After locating the line that contains "Apartament 3 camere, zona", quote it and all lines after it through the end of the entries, and nothing more. Pictures stay out.

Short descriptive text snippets
* * * *

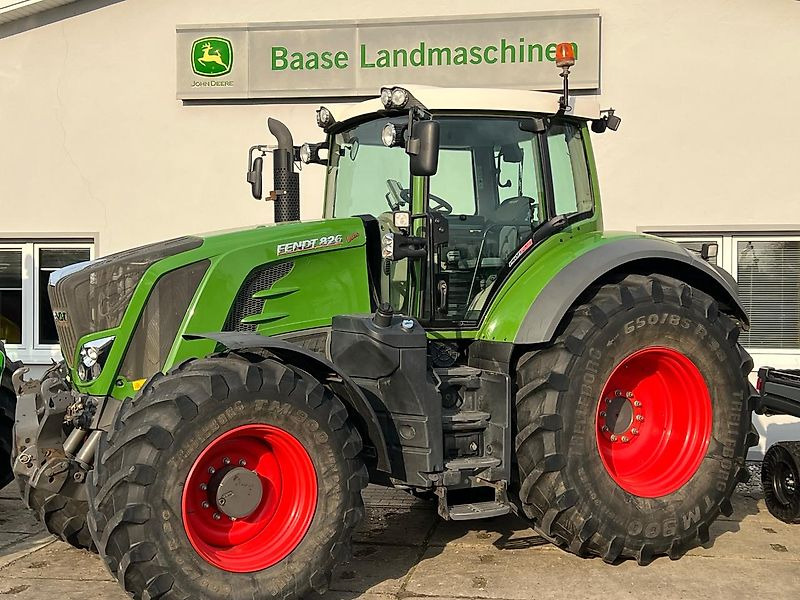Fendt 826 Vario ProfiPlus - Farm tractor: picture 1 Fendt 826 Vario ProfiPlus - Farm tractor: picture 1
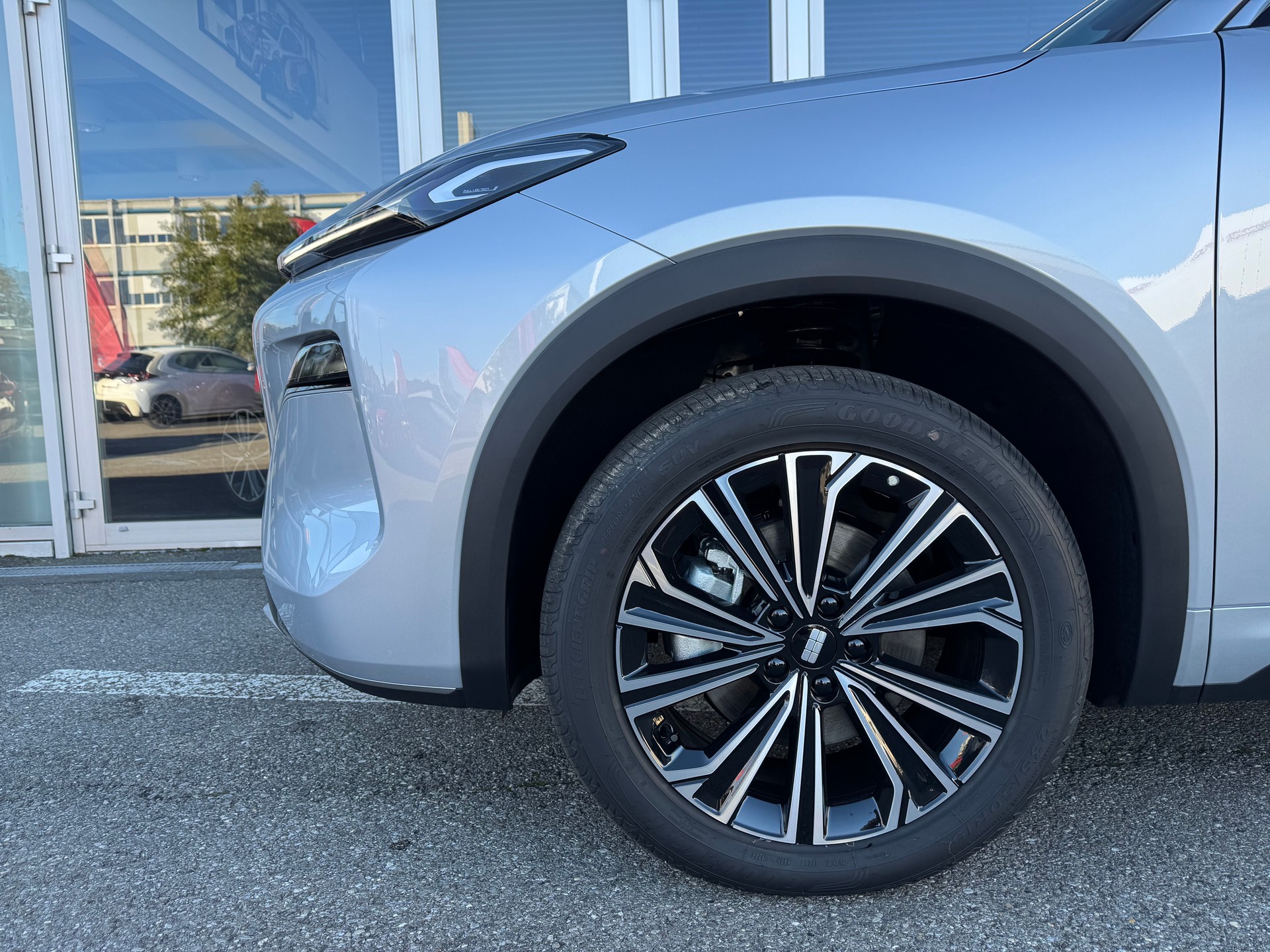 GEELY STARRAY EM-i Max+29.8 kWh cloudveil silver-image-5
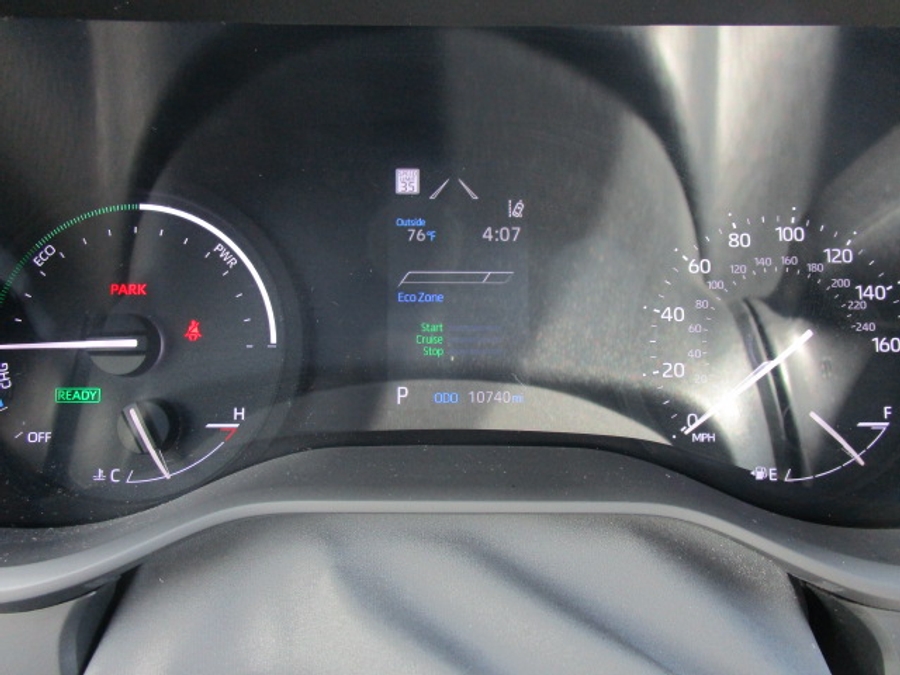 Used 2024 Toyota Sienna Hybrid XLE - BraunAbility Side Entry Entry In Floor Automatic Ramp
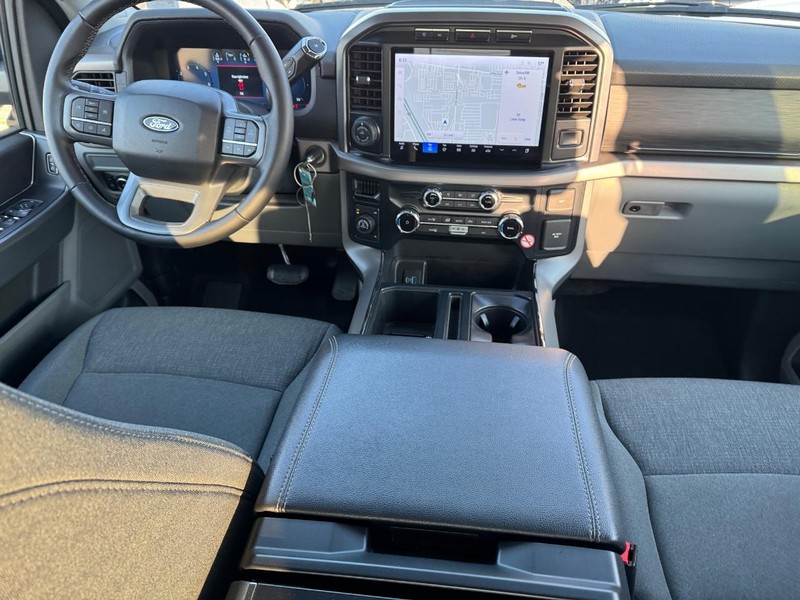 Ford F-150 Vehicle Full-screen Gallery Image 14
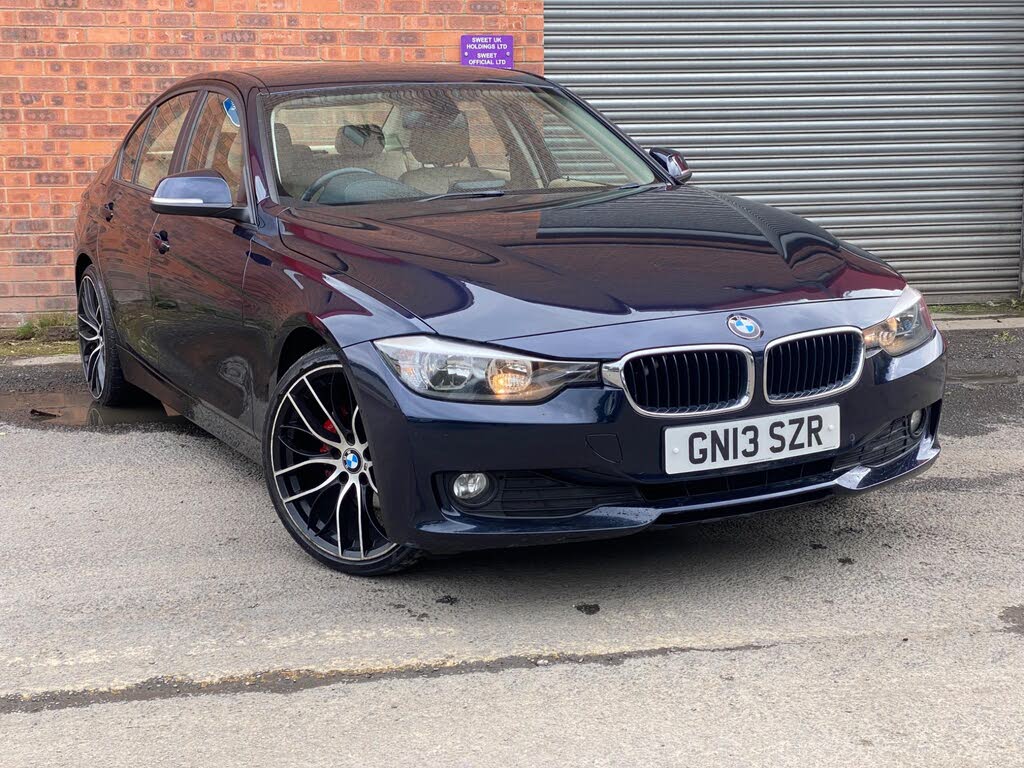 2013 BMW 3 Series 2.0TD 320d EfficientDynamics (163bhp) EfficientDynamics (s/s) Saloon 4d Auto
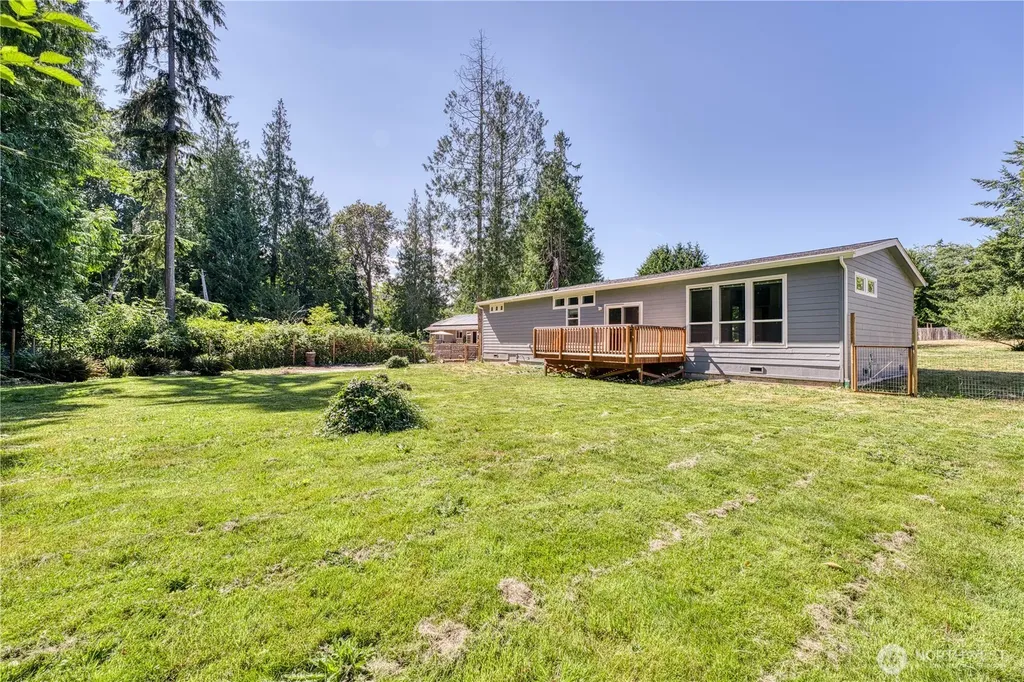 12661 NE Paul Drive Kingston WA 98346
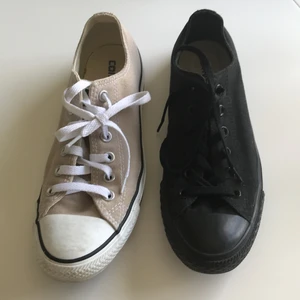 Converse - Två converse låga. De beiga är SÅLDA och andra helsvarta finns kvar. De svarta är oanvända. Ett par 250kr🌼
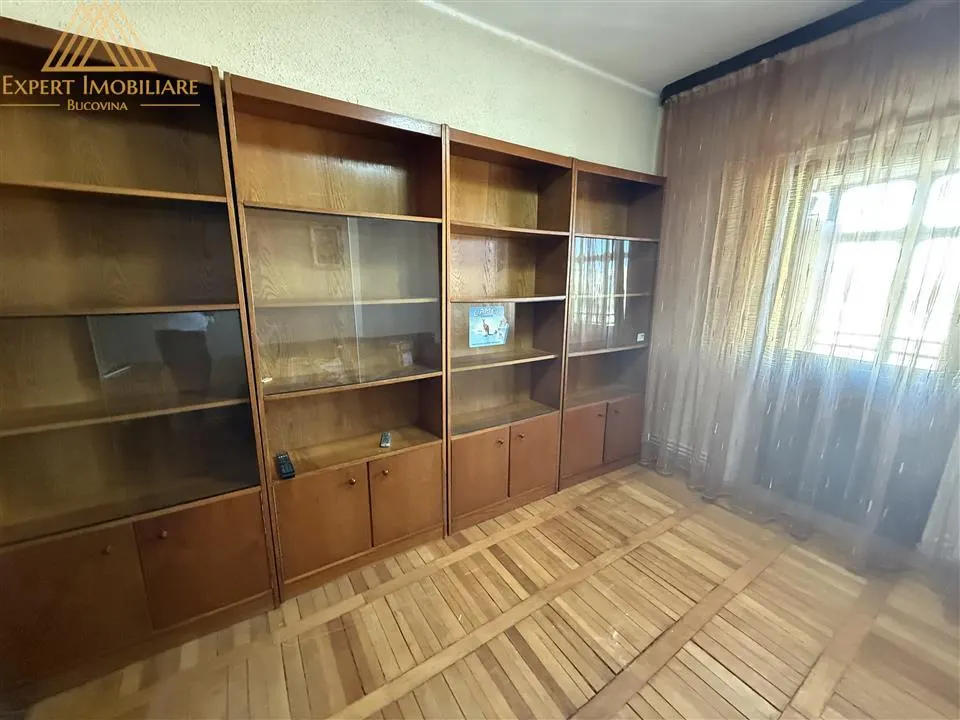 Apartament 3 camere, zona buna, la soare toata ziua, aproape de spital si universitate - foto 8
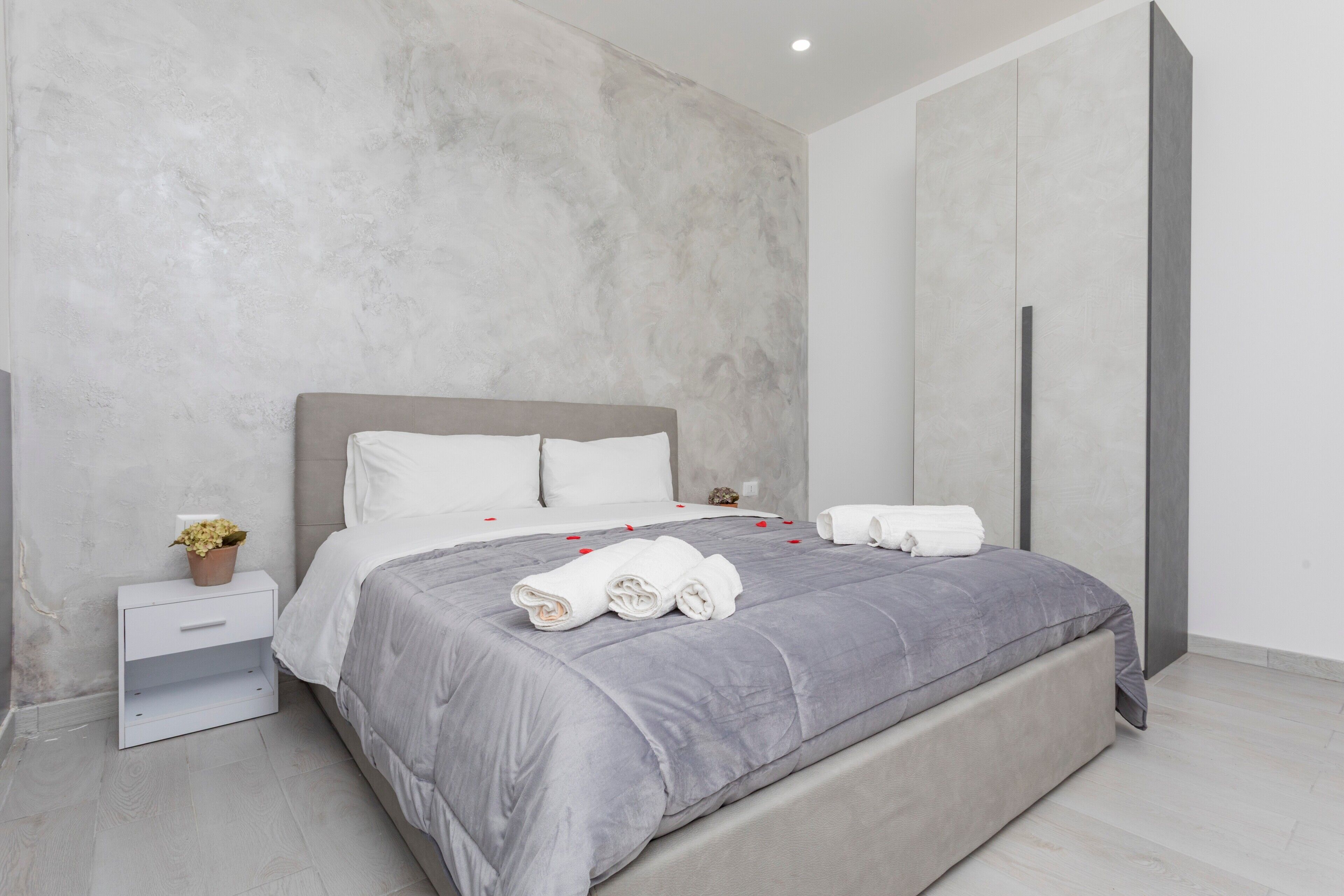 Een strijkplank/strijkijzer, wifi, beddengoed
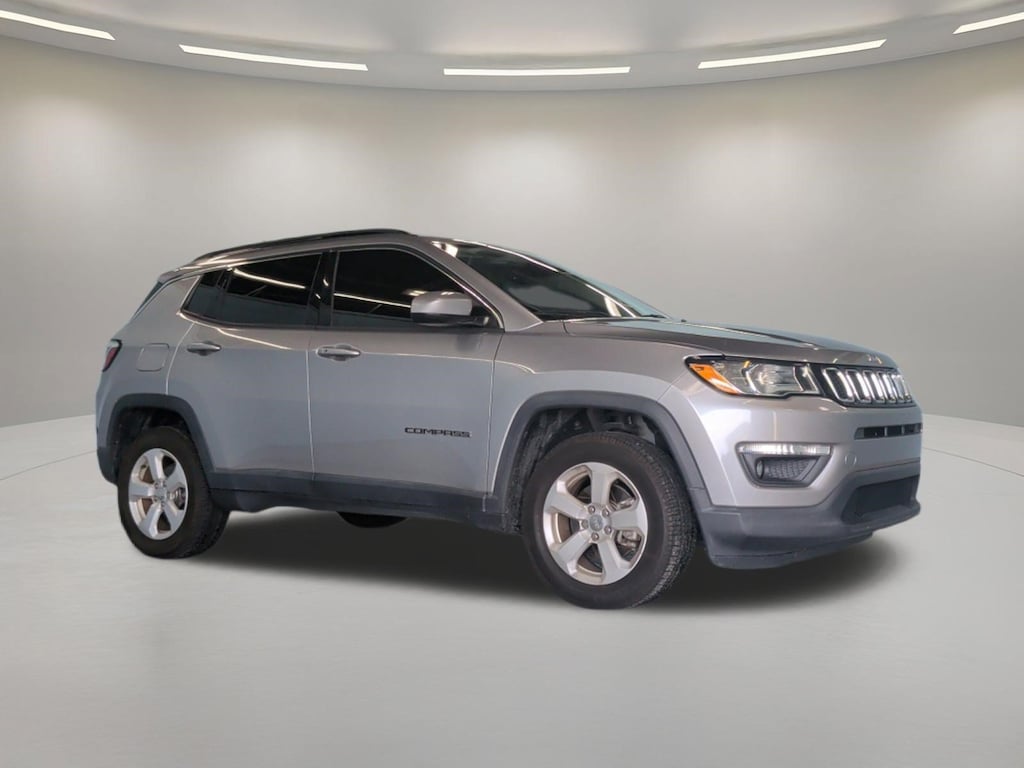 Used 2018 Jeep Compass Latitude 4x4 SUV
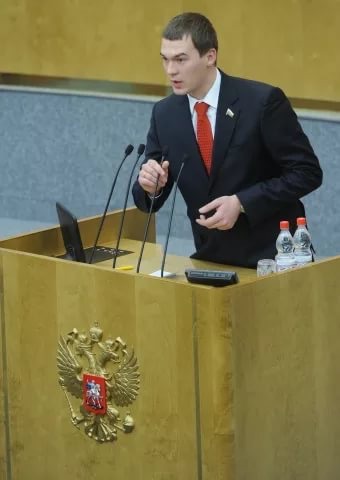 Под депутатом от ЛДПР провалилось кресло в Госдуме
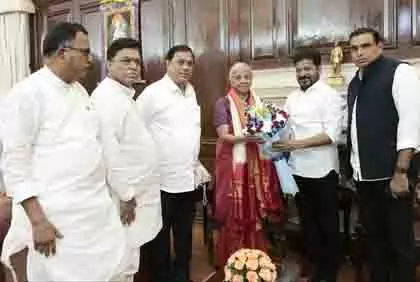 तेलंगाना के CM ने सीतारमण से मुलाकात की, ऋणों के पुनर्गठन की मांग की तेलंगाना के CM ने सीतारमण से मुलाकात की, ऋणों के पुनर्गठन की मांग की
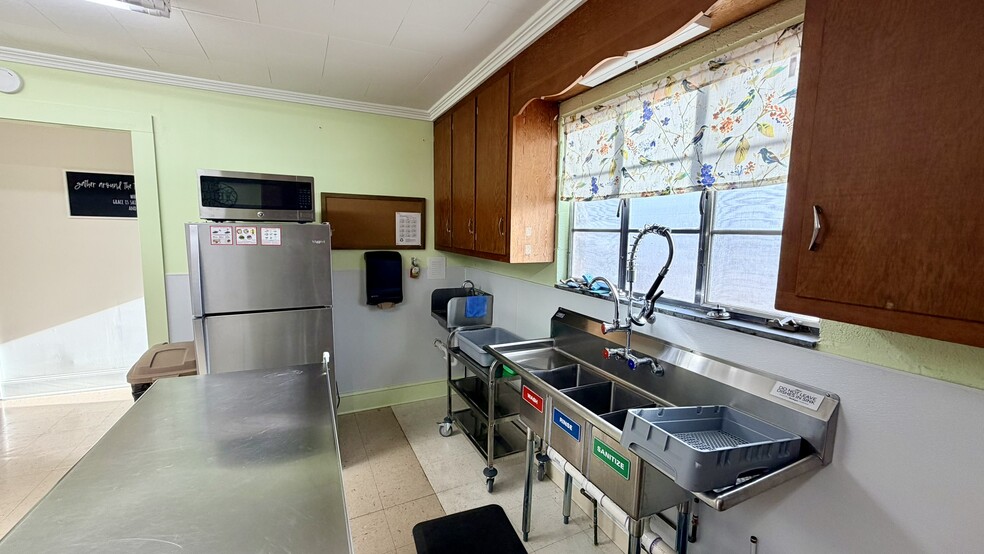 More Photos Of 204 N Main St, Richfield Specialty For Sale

* * * *

EXERCISE RESPONSE:
 Apartament 3 camere, zona buna, la soare toata ziua, aproape de spital si universitate - foto 8
 Een strijkplank/strijkijzer, wifi, beddengoed
 Used 2018 Jeep Compass Latitude 4x4 SUV
 Под депутатом от ЛДПР провалилось кресло в Госдуме
 तेलंगाना के CM ने सीतारमण से मुलाकात की, ऋणों के पुनर्गठन की मांग की तेलंगाना के CM ने सीतारमण से मुलाकात की, ऋणों के पुनर्गठन की मांग की
 More Photos Of 204 N Main St, Richfield Specialty For Sale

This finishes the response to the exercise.